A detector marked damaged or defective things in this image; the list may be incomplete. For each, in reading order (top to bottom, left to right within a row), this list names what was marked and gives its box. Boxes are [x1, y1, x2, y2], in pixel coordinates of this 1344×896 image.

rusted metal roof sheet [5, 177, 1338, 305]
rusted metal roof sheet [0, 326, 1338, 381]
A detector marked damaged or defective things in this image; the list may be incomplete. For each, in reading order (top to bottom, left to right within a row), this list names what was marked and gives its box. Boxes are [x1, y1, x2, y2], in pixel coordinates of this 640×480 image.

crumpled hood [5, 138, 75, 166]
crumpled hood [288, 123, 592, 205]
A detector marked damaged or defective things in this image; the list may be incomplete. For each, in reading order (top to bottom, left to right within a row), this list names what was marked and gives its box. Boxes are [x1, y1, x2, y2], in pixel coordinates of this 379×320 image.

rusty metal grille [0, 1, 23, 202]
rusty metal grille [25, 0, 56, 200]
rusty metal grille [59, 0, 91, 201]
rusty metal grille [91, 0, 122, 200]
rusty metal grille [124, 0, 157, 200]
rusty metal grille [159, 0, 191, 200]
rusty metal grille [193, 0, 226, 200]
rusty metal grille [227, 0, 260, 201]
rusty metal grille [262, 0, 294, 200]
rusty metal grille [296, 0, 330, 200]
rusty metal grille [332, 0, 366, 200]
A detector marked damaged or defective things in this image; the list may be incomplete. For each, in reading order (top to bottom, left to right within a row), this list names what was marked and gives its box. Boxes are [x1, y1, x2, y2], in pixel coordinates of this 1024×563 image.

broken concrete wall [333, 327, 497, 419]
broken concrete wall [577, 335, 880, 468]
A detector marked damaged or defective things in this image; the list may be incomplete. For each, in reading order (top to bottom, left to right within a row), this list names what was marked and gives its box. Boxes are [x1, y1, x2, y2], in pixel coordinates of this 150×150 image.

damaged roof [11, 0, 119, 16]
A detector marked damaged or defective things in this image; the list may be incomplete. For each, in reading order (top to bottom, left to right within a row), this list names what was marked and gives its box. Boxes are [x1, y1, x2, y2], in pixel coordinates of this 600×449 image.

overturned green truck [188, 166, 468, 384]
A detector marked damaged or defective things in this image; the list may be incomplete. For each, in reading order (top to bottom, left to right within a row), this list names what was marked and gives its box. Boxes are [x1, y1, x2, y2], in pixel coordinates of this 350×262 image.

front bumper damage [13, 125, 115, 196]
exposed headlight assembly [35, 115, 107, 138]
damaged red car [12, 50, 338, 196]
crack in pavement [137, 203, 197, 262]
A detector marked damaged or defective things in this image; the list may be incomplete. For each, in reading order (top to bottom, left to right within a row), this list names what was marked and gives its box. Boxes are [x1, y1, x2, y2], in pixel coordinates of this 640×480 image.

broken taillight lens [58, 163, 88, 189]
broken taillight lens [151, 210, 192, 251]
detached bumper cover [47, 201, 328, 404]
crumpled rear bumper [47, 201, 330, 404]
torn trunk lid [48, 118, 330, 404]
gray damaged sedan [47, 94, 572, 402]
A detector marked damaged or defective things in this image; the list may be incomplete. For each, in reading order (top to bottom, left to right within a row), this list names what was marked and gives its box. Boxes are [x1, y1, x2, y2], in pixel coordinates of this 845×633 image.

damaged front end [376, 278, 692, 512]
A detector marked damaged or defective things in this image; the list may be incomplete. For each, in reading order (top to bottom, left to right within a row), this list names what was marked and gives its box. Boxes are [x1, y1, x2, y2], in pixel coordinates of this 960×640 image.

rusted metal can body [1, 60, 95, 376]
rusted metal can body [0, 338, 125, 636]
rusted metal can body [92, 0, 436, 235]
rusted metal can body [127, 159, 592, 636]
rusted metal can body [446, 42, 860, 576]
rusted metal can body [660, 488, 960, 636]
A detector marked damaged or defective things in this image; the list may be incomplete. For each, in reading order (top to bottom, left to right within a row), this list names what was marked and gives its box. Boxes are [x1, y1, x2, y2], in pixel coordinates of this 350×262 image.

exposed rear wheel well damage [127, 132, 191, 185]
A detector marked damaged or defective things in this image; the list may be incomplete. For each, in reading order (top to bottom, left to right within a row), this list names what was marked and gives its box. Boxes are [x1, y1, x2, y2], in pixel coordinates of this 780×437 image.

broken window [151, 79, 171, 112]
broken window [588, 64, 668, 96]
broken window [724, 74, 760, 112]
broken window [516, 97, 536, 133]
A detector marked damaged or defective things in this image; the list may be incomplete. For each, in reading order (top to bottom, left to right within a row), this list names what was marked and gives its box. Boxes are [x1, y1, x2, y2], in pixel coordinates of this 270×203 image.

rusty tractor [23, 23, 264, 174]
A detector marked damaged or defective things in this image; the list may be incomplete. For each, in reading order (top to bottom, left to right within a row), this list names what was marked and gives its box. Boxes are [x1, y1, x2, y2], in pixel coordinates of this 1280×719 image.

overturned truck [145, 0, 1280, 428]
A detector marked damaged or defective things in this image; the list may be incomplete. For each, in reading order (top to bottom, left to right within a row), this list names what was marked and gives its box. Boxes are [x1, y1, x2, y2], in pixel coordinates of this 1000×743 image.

» **Work task**: Give the data back in full, matching it character for character.

» **Response below**:
A detector marked damaged or defective things in this image; the list may be incomplete. For each, in reading order (top to bottom, left to right within a row), this list names what was marked and gives its box. Boxes are [x1, y1, x2, y2], in pixel coordinates of this 1344×896 image.

rusted metal roof sheet [5, 177, 1338, 305]
rusted metal roof sheet [0, 326, 1338, 381]
A detector marked damaged or defective things in this image; the list may be incomplete. For each, in reading order (top to bottom, left to right within a row), this list names what was marked and gives its box. Boxes are [x1, y1, x2, y2], in pixel coordinates of this 640×480 image.

crumpled hood [5, 138, 75, 166]
crumpled hood [288, 123, 592, 205]
A detector marked damaged or defective things in this image; the list may be incomplete. For each, in reading order (top to bottom, left to right within a row), this list names what was marked and gives its box. Boxes are [x1, y1, x2, y2], in pixel coordinates of this 379×320 image.

rusty metal grille [0, 1, 23, 202]
rusty metal grille [25, 0, 56, 200]
rusty metal grille [59, 0, 91, 201]
rusty metal grille [91, 0, 122, 200]
rusty metal grille [124, 0, 157, 200]
rusty metal grille [159, 0, 191, 200]
rusty metal grille [193, 0, 226, 200]
rusty metal grille [227, 0, 260, 201]
rusty metal grille [262, 0, 294, 200]
rusty metal grille [296, 0, 330, 200]
rusty metal grille [332, 0, 366, 200]
A detector marked damaged or defective things in this image; the list may be incomplete. For each, in reading order (top to bottom, left to right within a row), this list names what was marked and gives its box. Boxes are [x1, y1, x2, y2], in pixel coordinates of this 1024×563 image.

broken concrete wall [333, 327, 497, 419]
broken concrete wall [577, 335, 880, 468]
A detector marked damaged or defective things in this image; the list may be incomplete. For each, in reading order (top to bottom, left to right within a row), this list names what was marked and gives its box. Boxes are [x1, y1, x2, y2], in pixel coordinates of this 150×150 image.

damaged roof [11, 0, 119, 16]
A detector marked damaged or defective things in this image; the list may be incomplete. For each, in reading order (top to bottom, left to right within a row), this list names what was marked and gives its box. Boxes are [x1, y1, x2, y2], in pixel coordinates of this 600×449 image.

overturned green truck [188, 166, 468, 384]
A detector marked damaged or defective things in this image; the list may be incomplete. For each, in reading order (top to bottom, left to right within a row), this list names what was marked and gives its box. Boxes are [x1, y1, x2, y2], in pixel coordinates of this 350×262 image.

front bumper damage [13, 125, 115, 196]
exposed headlight assembly [35, 115, 107, 138]
damaged red car [12, 50, 338, 196]
crack in pavement [137, 203, 197, 262]
A detector marked damaged or defective things in this image; the list may be incomplete. For each, in reading order (top to bottom, left to right within a row), this list names what was marked and gives its box. Boxes are [x1, y1, x2, y2], in pixel coordinates of this 640×480 image.

broken taillight lens [58, 163, 88, 189]
broken taillight lens [151, 210, 192, 251]
detached bumper cover [47, 201, 328, 404]
crumpled rear bumper [47, 201, 330, 404]
torn trunk lid [48, 118, 330, 404]
gray damaged sedan [47, 94, 572, 402]
A detector marked damaged or defective things in this image; the list may be incomplete. For each, in reading order (top to bottom, left to right within a row), this list names what was marked and gives its box. Boxes are [x1, y1, x2, y2], in pixel coordinates of this 845×633 image.

damaged front end [376, 278, 692, 512]
A detector marked damaged or defective things in this image; the list may be incomplete. For each, in reading order (top to bottom, left to right within a row), this list names what was marked and gives its box. Boxes are [x1, y1, x2, y2], in pixel coordinates of this 960×640 image.

rusted metal can body [1, 60, 95, 376]
rusted metal can body [0, 338, 125, 636]
rusted metal can body [92, 0, 436, 235]
rusted metal can body [127, 159, 592, 636]
rusted metal can body [446, 42, 860, 576]
rusted metal can body [660, 488, 960, 636]
A detector marked damaged or defective things in this image; the list may be incomplete. For each, in reading order (top to bottom, left to right within a row), this list names what was marked and gives its box. Boxes are [x1, y1, x2, y2], in pixel coordinates of this 350×262 image.

exposed rear wheel well damage [127, 132, 191, 185]
A detector marked damaged or defective things in this image; the list may be incomplete. For each, in reading order (top to bottom, left to right within a row), this list names what was marked and gives its box. Boxes are [x1, y1, x2, y2], in pixel coordinates of this 780×437 image.

broken window [151, 79, 171, 112]
broken window [588, 64, 668, 96]
broken window [724, 74, 760, 112]
broken window [516, 97, 536, 133]
A detector marked damaged or defective things in this image; the list may be incomplete. For each, in reading order (top to bottom, left to right within a row), this list names what was marked and gives its box. Boxes are [x1, y1, x2, y2], in pixel coordinates of this 270×203 image.

rusty tractor [23, 23, 264, 174]
A detector marked damaged or defective things in this image; the list may be incomplete. For each, in reading order (top to bottom, left to right within a row), this list names what was marked and gives its box. Boxes are [x1, y1, x2, y2], in pixel coordinates of this 1280×719 image.

overturned truck [145, 0, 1280, 428]
A detector marked damaged or defective things in this image; the list may be incomplete. For each, in reading order (top to bottom, left to right within a row), this list names what was marked and gives its box. Boxes are [x1, y1, x2, y2], in pixel coordinates of this 1000×743 image.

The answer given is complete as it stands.